Recently published computer simulation of what happens to a planar condensate of highly magnetic ultracold atoms that have been bathed in laser beams designed to enhance the interactions among the atoms.  The arrows depict the average magnetic spin orientation at that place in the condensate.  In this particular spin texture, a collection of atoms with spins pointing down (blue arrows) circulate around a sample of spin-up atoms (red arrows). Note the circulation, but in this case, the core is filled. Credit: Brandon Anderson

Vortices pop-up in the weather, sink drains, and even astrophysics; they are also a feature of quantum superfluids, such as an ultracold atomic gas. Quantum physics dictates that the circulation in these systems obeys certain quantization criteria. When a superfluid is disturbed vortices will form in order to satisfy this circulation constraint. Vortices look like mini-tornados, having an essentially empty core or “eye” with the surrounding atoms circulating.

Stirring up a superfluid is one way to induce vortices.

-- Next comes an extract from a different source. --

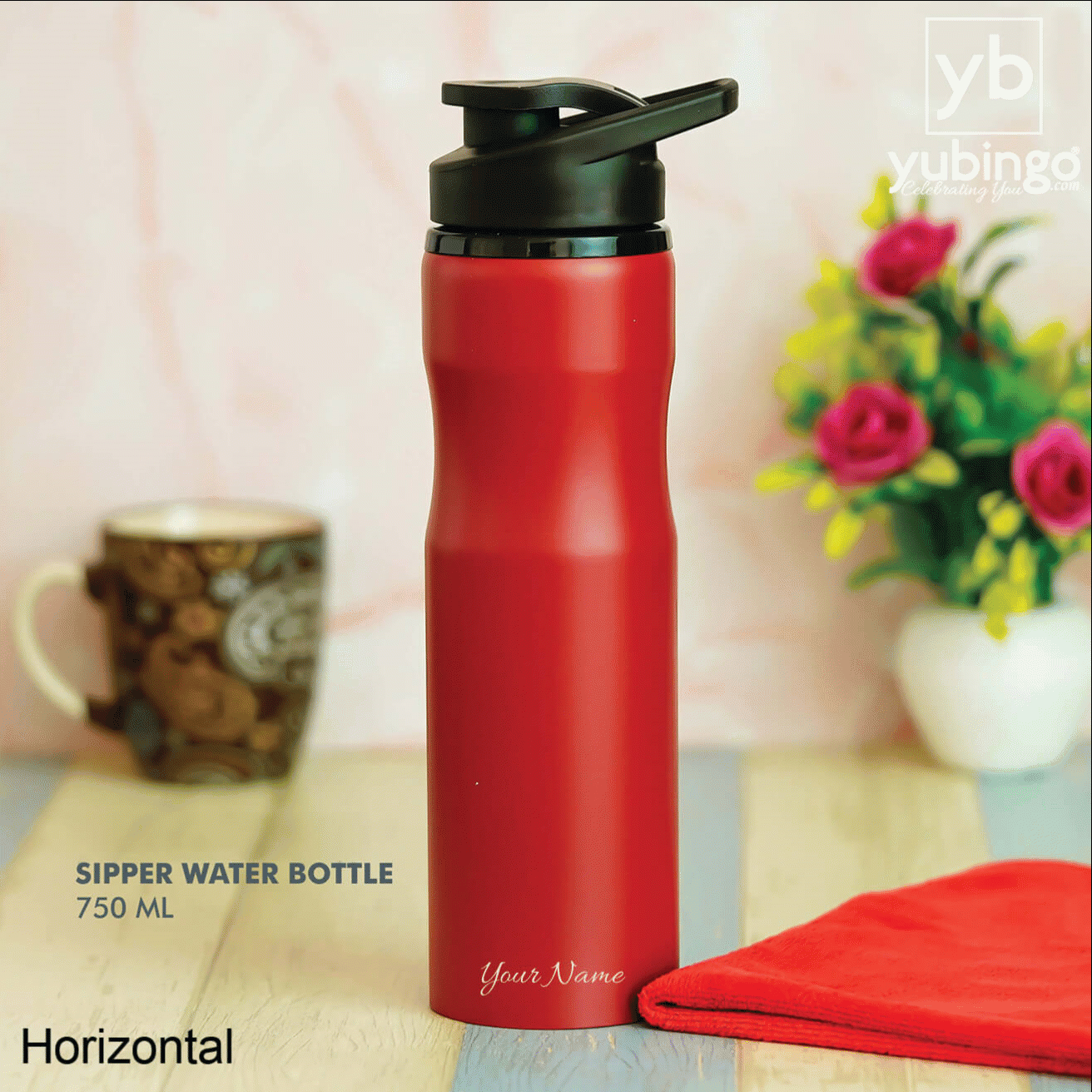 Customizable Red Sipper Bottle - 750 ML - corporate gift by YuBingo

Changing the interactions of the system can also do this—for instance introducing spin-orbit coupling.  Vortices even nucleate as a thermal gas undergoes a phase transition into a Bose-Einstein condensate. Another cool aspect: in seeking out the lowest energy configuration, the vortices will arrange into a lattice (see image below, data taken and image created by W. Ketterle group @ MIT)

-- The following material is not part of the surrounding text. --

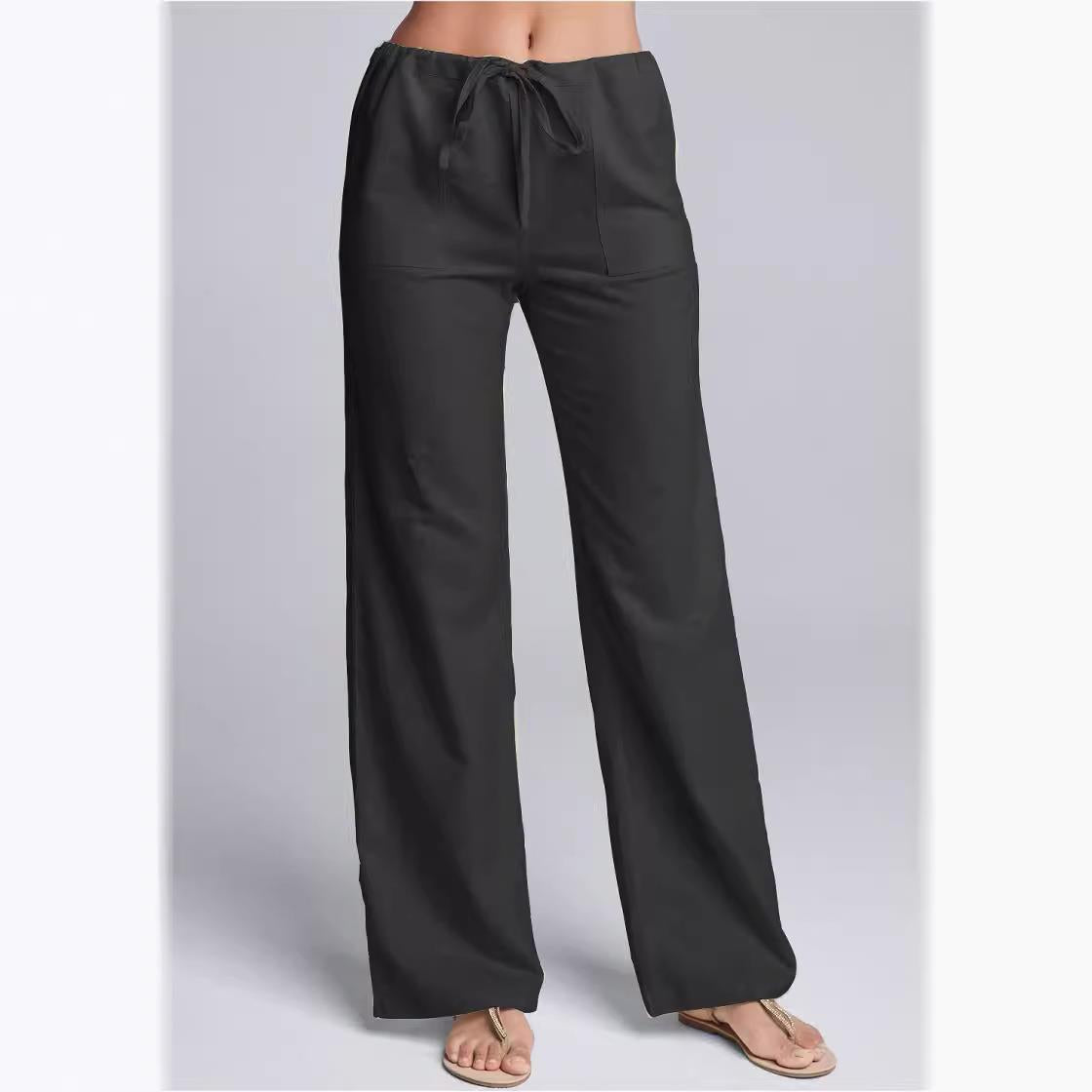 Pantalon Ample Femme, cordon de serrage – Blanc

Read more to learn more about coreless vortices—a quantum storm without the ‘eye.’

Recently JQI researchers used computer simulations to predict the behavior of magnetic atoms in a dipolar Bose Einstein condensate. When the atoms were subjected to additional laser beams the magnetic interactions among the atoms caused them to sort into striking spin texture patterns, including a “coreless vortex,” a condition in which one component of the atoms circulated around another component of atoms at rest in the middle (See image in above gallery).